Modelling COVID-19 Government Responses on Effectiveness

In this notebook two datasets are used. One dataset contains information of the daily number of cases, the daily reproduction rate along with some national statistics per country. This dataset is sourced from ourworldindata.org. The other dataset contains information on non-pharmaceutical interventions (NPIs) implemented by governments around the world from acaps.org. For the sake of consistency only data from Europe is considered.

In [1]:
import numpy as np
import pandas as pd
import seaborn as sn
import matplotlib.pyplot as plt

from tqdm import tqdm
from sklearn.metrics import mean_squared_error
from sklearn.linear_model import LinearRegression

Data Exploration & Processing

The datasets are loaded into pandas dataframes, and the columns of interest are extracted (others are dropped).

In [2]:
# Specify columns of interest
cas_col = ['iso_code', 'location', 'continent', 'date', 'total_cases', 'new_cases',
           'reproduction_rate', 'population','population_density', 'gdp_per_capita']
res_col = ['ISO', 'REGION', 'COUNTRY', 'MEASURE', 'DATE_IMPLEMENTED', 'ENTRY_DATE']

cas_df = pd.read_csv('data/cases.csv')[cas_col]
res_df = pd.read_csv('data/responses.csv')[res_col]

# Limit data to Europe
cas_df = cas_df[cas_df.continent == 'Europe']
res_df = res_df[res_df.REGION == 'Europe']
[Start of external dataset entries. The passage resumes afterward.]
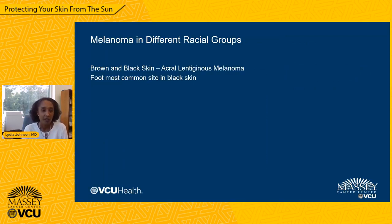Just like basal cell and squamous cell cancer, we do see melanoma in all different skin types and racial groups. In individuals with brown and black skin, acral lentiginous melanoma is the most common type — acral meaning it's on the palms of the hands or the soles of the feet. In individuals with black skin, the foot is the most common location for melanoma. The legendary reggae musician Bob Marley actually had a malignant melanoma on the sole of his foot. He chose not to have it treated by traditional medical methods and sought alternative options; unfortunately, his melanoma progressed and metastasized and was the cause of his death.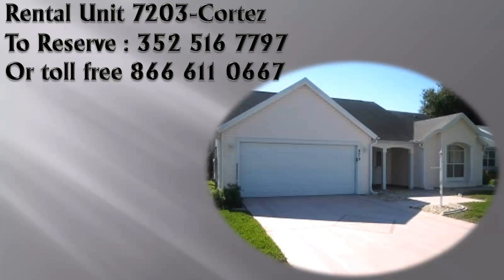This is Mark Dyer for Vacation Rentals The Villages signing off for now. I hope to see you soon in sunny Florida — have a wonderful day.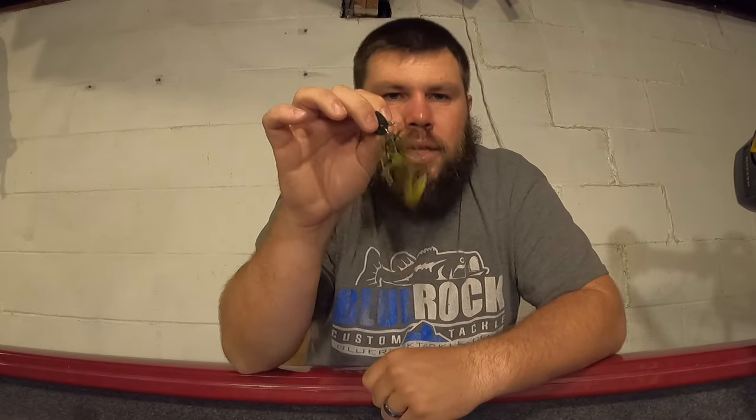The smallmouth were absolutely crushing the Thunder Cricket in that blue curl color - I tried throwing a couple other colors and they wouldn't touch them. It was really windy, probably 10 to 15 mile-per-hour winds with gusts up to 25, and it didn't matter where I threw this around the grass or rocks - they were just chewing it. I should mention this is the tungsten Thunder Cricket, the newer version with a tungsten head. That's the only Thunder Cricket I throw and I think the tungsten really makes a difference.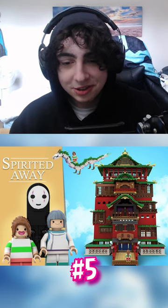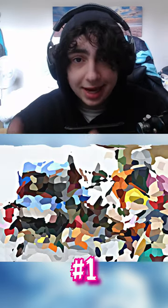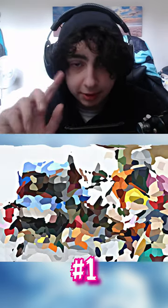I haven't seen this film — I haven't seen any Studio Ghibli films. It looks amazing. I don't know how this all ties into the movie, but the first place entry actually has a chance of becoming an official LEGO set, but I'll get to that soon.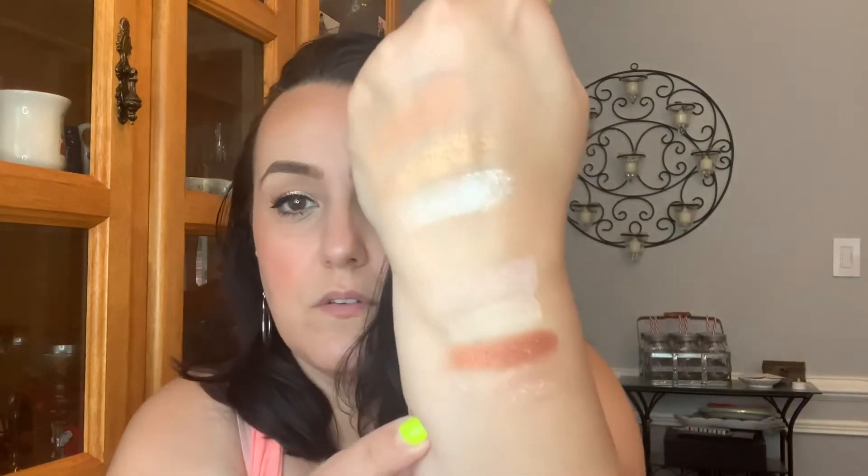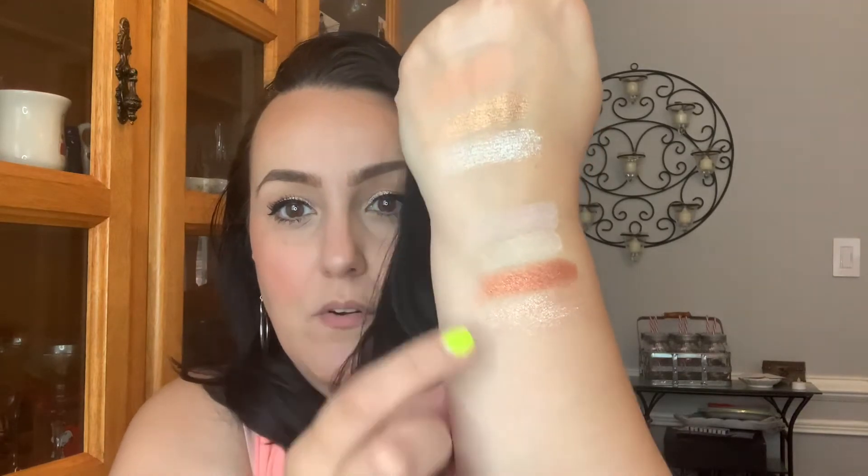And then the bottom shade — whoa! They're so creamy. That's pretty. This one kind of reminds me of that top one, but no, it's more pinky. So pretty — see how it's more pinky or peachy than that one? I cannot wait to play with this one. And again, this one was Eden.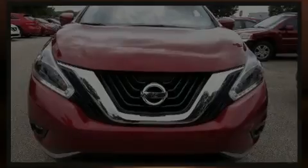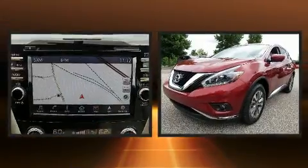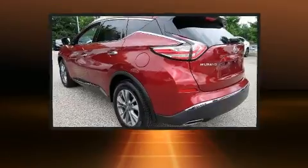Discerning drivers will appreciate the 2018 Nissan Murano. With less than 4,000 miles on the odometer, this four-door sport utility vehicle prioritizes comfort, safety and convenience.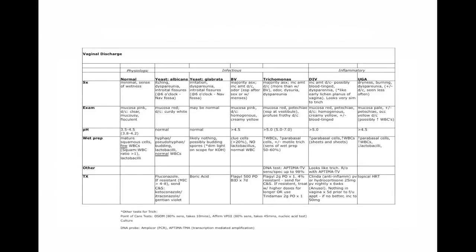So that is a synopsis of the various kinds of vaginal discharge that one might encounter in a gynecologic practice. Here's a spreadsheet that summarizes all that we discussed.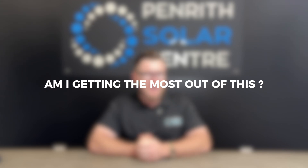Solar systems have always been fantastic in offsetting energy usage in our home during the day. And if you were lucky enough to have a solar system with a really high feed-in tariff of even 20 cents or more, then you would have offset your nighttime energy usage from a dollar perspective as well. But the equation has dramatically changed and you're now looking at your solar system thinking, am I getting the most out of this?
The first dataset daily COVID-19 reports per country, along with some data describing the country.

In [3]:
cas_df.head()
Out[3]:
iso_code location continent date total_cases new_cases reproduction_rate population population_density gdp_per_capita
345 ALB Albania Europe 2020-03-09 2.0 2.0 NaN 2877800.0 104.871 11803.431
346 ALB Albania Europe 2020-03-10 10.0 8.0 NaN 2877800.0 104.871 11803.431
347 ALB Albania Europe 2020-03-11 12.0 2.0 NaN 2877800.0 104.871 11803.431
348 ALB Albania Europe 2020-03-12 23.0 11.0 NaN 2877800.0 104.871 11803.431
349 ALB Albania Europe 2020-03-13 33.0 10.0 NaN 2877800.0 104.871 11803.431

The second dataset contains the covid-measures taken by a country, with a start and an end date.

In [4]:
res_df.head()
Out[4]:
ISO REGION COUNTRY MEASURE DATE_IMPLEMENTED ENTRY_DATE
58 ALB Europe Albania Closure of businesses and public services NaN 4/15/2020
59 ALB Europe Albania Strengthening the public health system 1/24/2020 4/15/2020
60 ALB Europe Albania Other public health measures enforced 1/24/2020 4/15/2020
61 ALB Europe Albania Strengthening the public health system 1/31/2020 4/15/2020
62 ALB Europe Albania Strengthening the public health system 2/26/2020 4/15/2020

From this we learn the number of unique measures in the dataset, and the number of unique countries. To prevent potential mismatches between the datasets, the ISO codes for countries are used, and these numbers are taken from the responses dataset.

In [5]:
unique_countries = list(res_df.ISO.unique())
print(f'Number of unique countries: {len(unique_countries)}')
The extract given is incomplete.